Le cadran, quant à lui, reprend globalement bien l’esprit d’origine et heureusement car, avec la lunette, il concentre l’essentiel de ce qui fait la personnalité de la montre. On retrouve donc les énormes chiffres à 3, 6, 9 et 12 heures, les index bâtons et la discrète minuterie en périphérie. Discrets aussi, les fins traits rouges implantés le long du bord extérieur des index servent-ils à justifier l’extrémité rouge de la trotteuse ou est-ce l’inverse ? À moins qu’il s’agisse d’un clin d’œil malicieux à la Blancpain Barracuda ? Who knows…

Dévoilé ci-dessous, il présente en tout cas un aspect très flatteur, du noir poudré légèrement satiné au grain du Super-Luminova teinté old radium en passant par l’adoption d’un cadran « sandwich », une vieille spécialité de Panerai. Selon cette technique, les découpes pratiquées dans le cadran font apparaître une seconde platine qui permet ici de mettre en valeur, en retrait, les index géométriques. L’effet « 3D » qui en résulte apporte une incontestable touche de modernité. Plus discutable, à mon sens, est le choix d’avoir peint les écritures de la même couleur que les index. Des écritures blanches ou gilt — et moins grasses pour Eska et AMPHIBIAN — auraient été plus subtiles.

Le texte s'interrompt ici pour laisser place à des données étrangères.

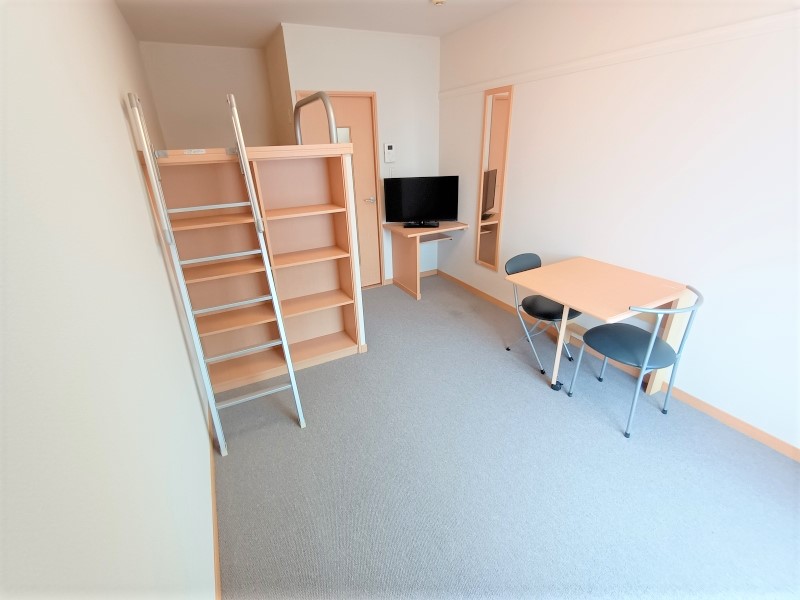 レオパレス中川ＭＴＭ ベッドルーム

On aboutit en effet à ce paradoxe que, malgré le choix du cadran sandwich, petite complication technique qui n’était peut-être pas nécessaire, on a l’impression que toutes les informations paraissent sur le même plan. C’est dommage.

Les puristes regretteront également de ne pas trouver de cadran laqué comme à l’époque… même s’il faut garder à l’esprit qu’on a affaire moins à une réédition qu’à une réinterprétation. Tel est d’ailleurs le discours de la marque, qui parle d’un « modèle mythique des années 60 revisité aux goûts du jour » et dit avoir veillé à « garder les détails emblématiques de cette légende en l’agrémentant des technologies modernes ».

Le mouvement

Au chapitre des prises de distance avec l’Amphibian 600, il en est enfin une, ô combien emblématique, que le cadran trahit aussi et que le puriste peinera plus encore à pardonner : l’absence de réserve de marche. Si la 600 avait une spécificité véritablement originale et même absolument unique parmi les montres de plongée primitives, c’était bien cette fonctionnalité qu’apportait le calibre AS 1382 N. Ici, point d’indicateur à 12 heures car la nouvelle Eska est animée par un mouvement japonais standard, le très modique Seiko NH38 (automatique, sans date, 24 rubis, 21 600 A/m, 41 heures de réserve de marche, précis à -20/+40 » par jour). Choix indigne pour les uns, choix de raison pour les promoteurs du projet… le débat est ouvert, à la lumière d’un autre élément de discussion : le prix !

La mécanique et le prix : un bon choix ?

L’Eska Amphibian 250 sera proposée en pré-financement (Kickstarter) à 740 € ht et sans bracelet acier1, puis à 1050 € ht en commercialisation régulière.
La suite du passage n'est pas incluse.